Fue una de las noches más terribles que recordaba, en ocasiones se despertaba y llegó a pensar que el cuarto se estaba moviendo, si no llega a ser por la infusión que le había preparado Elena, es posible que esa noche hubiera sido la última de su vida.

            Como tenía que recorrer menos de una milla, no tuvo excesiva prisa en levantarse, tampoco su cuerpo estaba animado a hacerlo, se sentía tan bien en la cama que esperó somnoliento hasta que la posadera llamó a la puerta para ver si se encontraba bien.

            —¡Tiene preparado el desayuno, cuando lo desee baje al comedor a tomar algo caliente que le sentará bien!.

            —Enseguida voy —respondió Bernard.

            No tenía ganas de comer nada, pero Elena insistió para que tomara algo que asentara su estómago.

            —Esta sopa caliente le vendrá muy bien y le dejará el estómago como nuevo.

            Bernard tomó lo que la posadera le había preparado. Desde que estaba en aquel lugar, siempre había tenido razón en todo lo que le decía y en esta ocasión también ocurrió lo mismo. La sopa le reanimó el cuerpo y repitió un segundo cuenco ya que el primero había conseguido eliminar la sensación rara que tenía en su cuerpo.

            Preparó sus cosas y se dispuso a partir. Elena lamentó mucho su marcha porque era una persona que se había portado muy bien con ella, pero tenía la promesa de que un día volvería por allí y sabía que podía confiar en aquel hombre; estaba segura que cumpliría lo que la había dicho.

            Las mulas se habían acostumbrado a la tranquilidad que tenían en la cuadra, después de varios días sin hacer nada, renquearon un poco más que de costumbre antes de salir.

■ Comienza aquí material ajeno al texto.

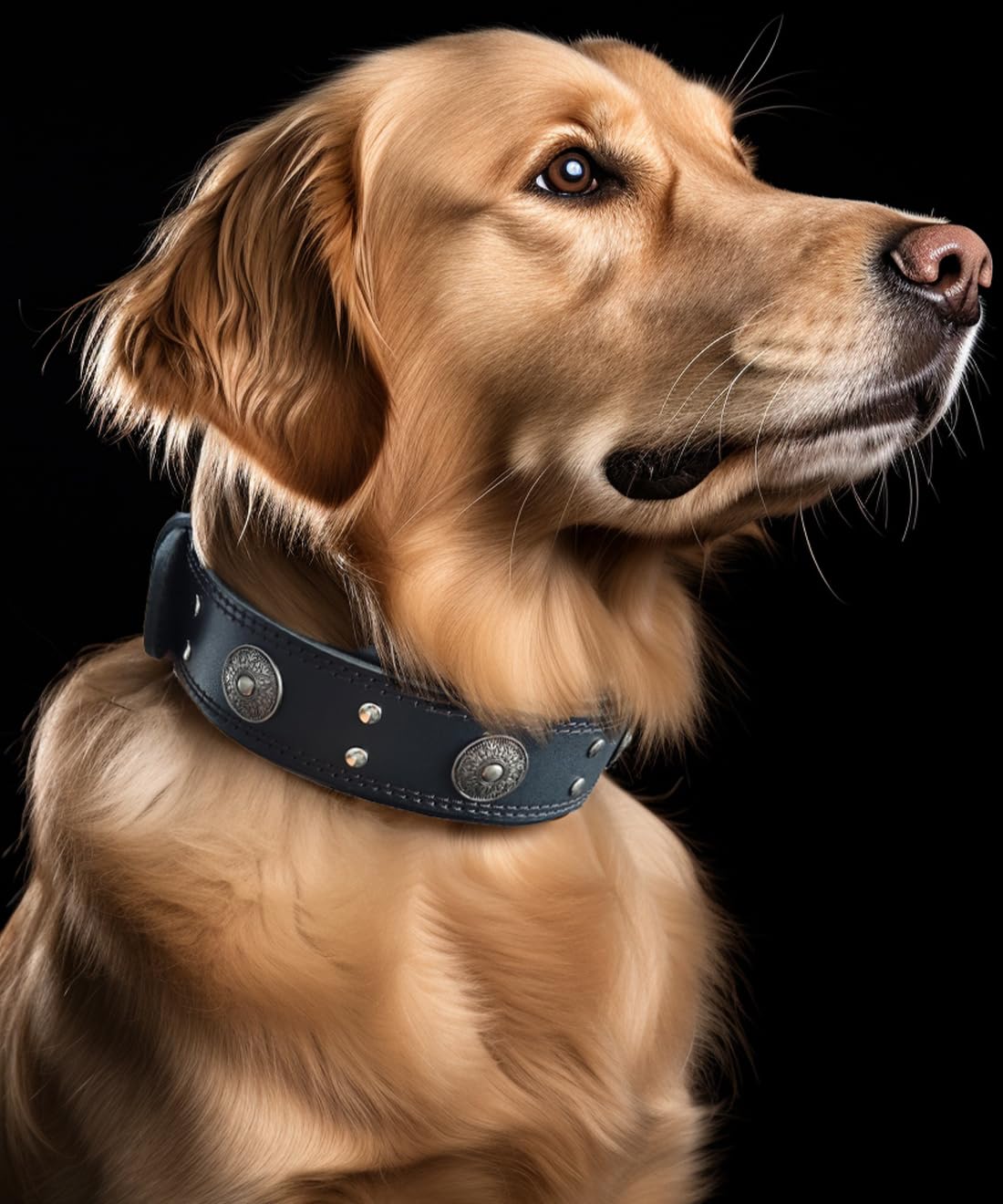 PP COLOR collar-perro-cuero-hebilla-decorativa-tridimensional aporta estilo.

Nada más dejar atrás las casas de la ciudad, desde una pequeña loma, ya se divisaba el monasterio de Iratxe, que era su próximo destino.

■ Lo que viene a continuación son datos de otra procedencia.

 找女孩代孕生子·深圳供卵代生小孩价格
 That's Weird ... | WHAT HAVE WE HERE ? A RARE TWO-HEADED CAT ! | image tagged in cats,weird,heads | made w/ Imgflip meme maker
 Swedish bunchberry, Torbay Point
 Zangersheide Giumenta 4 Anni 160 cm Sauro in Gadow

            Llegó hasta la entrada principal como un peregrino más y uno de los monjes le recibió, éste se imaginó que estaba de paso, pues era aún muy pronto para que un peregrino diera por finalizada su jornada.

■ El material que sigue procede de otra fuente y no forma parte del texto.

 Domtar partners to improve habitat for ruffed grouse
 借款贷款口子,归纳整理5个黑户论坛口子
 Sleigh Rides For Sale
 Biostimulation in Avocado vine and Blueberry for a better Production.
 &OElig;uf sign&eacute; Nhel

            —Deseaba hablar con el hermano Leovigildo, el abad del monasterio —dijo Bernard.

            —Espere un momento y le llamo —dijo el monje extrañado de que un peregrino preguntara por su superior.

            Unos minutos después el monje regresaba con un hombre alto y robusto, algo más viejo que el monje que le había recibido.

            —Buenos días hermano —dijo el abad.

            —Buenos días, mi nombre es Bernard y vengo de parte del hermano Rodrigo de Roncesvalles y del hermano Sancho de Eunate que me han dicho que hable con usted.

            —Deje aquí las mulas y pasemos dentro, el hermano se encargará de los animales.

            Bernard cogió una de las alforjas que llevaba en la mula de carga y siguió al monje que lo condujo hasta una de las estancias del monasterio.